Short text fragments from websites

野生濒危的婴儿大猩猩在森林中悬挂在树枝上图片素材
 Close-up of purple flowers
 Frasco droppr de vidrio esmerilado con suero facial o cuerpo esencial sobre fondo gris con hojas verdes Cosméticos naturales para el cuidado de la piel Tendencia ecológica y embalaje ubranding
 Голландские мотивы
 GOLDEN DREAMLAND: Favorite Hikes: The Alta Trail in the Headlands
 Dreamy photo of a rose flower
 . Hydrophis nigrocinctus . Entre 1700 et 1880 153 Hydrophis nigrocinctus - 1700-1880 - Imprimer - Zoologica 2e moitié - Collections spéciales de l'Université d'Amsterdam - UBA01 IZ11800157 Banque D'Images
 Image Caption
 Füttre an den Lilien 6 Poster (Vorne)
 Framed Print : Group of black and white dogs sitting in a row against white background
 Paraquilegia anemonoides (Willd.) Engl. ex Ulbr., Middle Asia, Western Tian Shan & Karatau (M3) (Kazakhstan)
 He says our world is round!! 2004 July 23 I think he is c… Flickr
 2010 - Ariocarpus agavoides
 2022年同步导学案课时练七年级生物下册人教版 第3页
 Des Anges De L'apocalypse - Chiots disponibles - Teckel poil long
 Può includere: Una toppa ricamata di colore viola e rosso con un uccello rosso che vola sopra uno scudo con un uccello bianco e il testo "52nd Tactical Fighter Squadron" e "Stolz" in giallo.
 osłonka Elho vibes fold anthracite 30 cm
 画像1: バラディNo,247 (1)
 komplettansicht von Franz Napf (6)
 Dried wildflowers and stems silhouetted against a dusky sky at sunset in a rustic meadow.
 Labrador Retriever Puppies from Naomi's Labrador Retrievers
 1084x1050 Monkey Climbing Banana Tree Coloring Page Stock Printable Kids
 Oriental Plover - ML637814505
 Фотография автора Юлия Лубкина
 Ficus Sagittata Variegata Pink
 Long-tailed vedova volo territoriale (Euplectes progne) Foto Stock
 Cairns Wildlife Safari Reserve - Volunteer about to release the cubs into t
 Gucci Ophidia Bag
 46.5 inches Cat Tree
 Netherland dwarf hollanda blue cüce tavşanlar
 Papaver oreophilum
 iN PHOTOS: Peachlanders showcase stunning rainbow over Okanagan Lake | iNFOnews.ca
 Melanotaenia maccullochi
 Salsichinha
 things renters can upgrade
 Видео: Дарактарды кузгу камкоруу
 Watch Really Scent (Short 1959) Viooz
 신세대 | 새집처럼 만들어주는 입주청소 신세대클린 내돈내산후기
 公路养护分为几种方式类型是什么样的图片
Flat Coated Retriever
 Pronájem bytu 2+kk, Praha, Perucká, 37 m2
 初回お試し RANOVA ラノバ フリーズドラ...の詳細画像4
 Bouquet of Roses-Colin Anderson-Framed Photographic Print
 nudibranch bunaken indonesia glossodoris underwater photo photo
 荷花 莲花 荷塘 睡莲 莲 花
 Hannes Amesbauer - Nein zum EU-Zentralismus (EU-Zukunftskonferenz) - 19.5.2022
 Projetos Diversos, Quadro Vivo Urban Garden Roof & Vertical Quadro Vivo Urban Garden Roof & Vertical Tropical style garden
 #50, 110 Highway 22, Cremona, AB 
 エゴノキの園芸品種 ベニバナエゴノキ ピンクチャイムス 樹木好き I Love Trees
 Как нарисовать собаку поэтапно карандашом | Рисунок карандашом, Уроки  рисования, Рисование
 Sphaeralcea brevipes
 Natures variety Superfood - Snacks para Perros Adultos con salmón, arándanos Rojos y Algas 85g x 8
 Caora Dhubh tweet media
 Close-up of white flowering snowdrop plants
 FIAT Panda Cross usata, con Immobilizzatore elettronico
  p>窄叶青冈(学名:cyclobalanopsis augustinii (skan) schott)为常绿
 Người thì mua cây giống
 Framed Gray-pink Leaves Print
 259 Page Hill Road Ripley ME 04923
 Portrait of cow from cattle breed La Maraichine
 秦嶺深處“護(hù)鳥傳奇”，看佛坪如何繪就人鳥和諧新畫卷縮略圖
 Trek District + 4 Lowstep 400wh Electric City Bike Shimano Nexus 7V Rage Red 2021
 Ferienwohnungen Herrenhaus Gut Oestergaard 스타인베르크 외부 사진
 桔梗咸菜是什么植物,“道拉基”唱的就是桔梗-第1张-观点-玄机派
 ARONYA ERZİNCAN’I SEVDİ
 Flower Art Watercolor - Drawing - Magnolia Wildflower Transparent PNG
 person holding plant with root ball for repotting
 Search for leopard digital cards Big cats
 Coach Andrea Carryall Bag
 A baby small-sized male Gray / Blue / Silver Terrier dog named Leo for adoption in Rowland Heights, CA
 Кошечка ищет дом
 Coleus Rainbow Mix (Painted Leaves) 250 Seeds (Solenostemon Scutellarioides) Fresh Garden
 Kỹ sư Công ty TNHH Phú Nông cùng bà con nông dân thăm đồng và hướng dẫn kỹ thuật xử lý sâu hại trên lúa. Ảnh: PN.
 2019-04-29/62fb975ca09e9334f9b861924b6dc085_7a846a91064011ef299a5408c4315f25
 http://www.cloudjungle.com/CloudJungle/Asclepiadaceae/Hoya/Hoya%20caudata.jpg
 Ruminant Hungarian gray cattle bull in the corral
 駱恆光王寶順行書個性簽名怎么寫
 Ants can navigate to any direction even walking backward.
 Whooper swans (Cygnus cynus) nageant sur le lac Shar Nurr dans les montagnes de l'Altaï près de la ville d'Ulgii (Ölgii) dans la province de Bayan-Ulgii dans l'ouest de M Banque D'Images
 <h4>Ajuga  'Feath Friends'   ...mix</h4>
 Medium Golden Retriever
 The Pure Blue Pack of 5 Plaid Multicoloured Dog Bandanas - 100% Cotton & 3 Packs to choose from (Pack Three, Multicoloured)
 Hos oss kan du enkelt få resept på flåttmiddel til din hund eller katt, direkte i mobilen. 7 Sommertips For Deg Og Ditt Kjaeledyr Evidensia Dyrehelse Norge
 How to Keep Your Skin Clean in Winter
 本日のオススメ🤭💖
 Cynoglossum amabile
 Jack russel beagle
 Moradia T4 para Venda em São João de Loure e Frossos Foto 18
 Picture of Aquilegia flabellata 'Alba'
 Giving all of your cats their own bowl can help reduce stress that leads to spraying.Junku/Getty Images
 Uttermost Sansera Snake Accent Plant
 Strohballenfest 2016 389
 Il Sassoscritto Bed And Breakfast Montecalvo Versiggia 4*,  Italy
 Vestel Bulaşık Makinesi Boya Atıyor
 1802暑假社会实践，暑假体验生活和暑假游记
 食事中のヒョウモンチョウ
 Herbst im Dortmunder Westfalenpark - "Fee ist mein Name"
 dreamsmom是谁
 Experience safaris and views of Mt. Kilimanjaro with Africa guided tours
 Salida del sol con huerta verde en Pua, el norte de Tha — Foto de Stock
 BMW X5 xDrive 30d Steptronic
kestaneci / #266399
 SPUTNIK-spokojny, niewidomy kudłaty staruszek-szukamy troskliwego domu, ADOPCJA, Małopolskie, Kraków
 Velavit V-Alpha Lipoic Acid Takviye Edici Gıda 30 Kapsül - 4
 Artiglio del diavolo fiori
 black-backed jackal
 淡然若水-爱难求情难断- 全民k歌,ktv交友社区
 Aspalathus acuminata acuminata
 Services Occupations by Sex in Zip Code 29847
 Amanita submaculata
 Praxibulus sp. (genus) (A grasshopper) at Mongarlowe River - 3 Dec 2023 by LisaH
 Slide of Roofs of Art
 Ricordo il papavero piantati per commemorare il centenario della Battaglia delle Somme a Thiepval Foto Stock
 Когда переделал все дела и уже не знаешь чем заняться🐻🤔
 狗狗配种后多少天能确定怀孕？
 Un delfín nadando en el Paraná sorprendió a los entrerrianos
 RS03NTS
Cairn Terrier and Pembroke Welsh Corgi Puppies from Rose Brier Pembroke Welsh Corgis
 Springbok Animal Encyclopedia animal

### Task description
Transcribe the lines from the first line of the records through the line that contains "2022年同步导学案课时练七年级生物下册人教版 第3页", both included, and add nothing else.

### Exercise result
野生濒危的婴儿大猩猩在森林中悬挂在树枝上图片素材
 Close-up of purple flowers
 Frasco droppr de vidrio esmerilado con suero facial o cuerpo esencial sobre fondo gris con hojas verdes Cosméticos naturales para el cuidado de la piel Tendencia ecológica y embalaje ubranding
 Голландские мотивы
 GOLDEN DREAMLAND: Favorite Hikes: The Alta Trail in the Headlands
 Dreamy photo of a rose flower
 . Hydrophis nigrocinctus . Entre 1700 et 1880 153 Hydrophis nigrocinctus - 1700-1880 - Imprimer - Zoologica 2e moitié - Collections spéciales de l'Université d'Amsterdam - UBA01 IZ11800157 Banque D'Images
 Image Caption
 Füttre an den Lilien 6 Poster (Vorne)
 Framed Print : Group of black and white dogs sitting in a row against white background
 Paraquilegia anemonoides (Willd.) Engl. ex Ulbr., Middle Asia, Western Tian Shan & Karatau (M3) (Kazakhstan)
 He says our world is round!! 2004 July 23 I think he is c… Flickr
 2010 - Ariocarpus agavoides
 2022年同步导学案课时练七年级生物下册人教版 第3页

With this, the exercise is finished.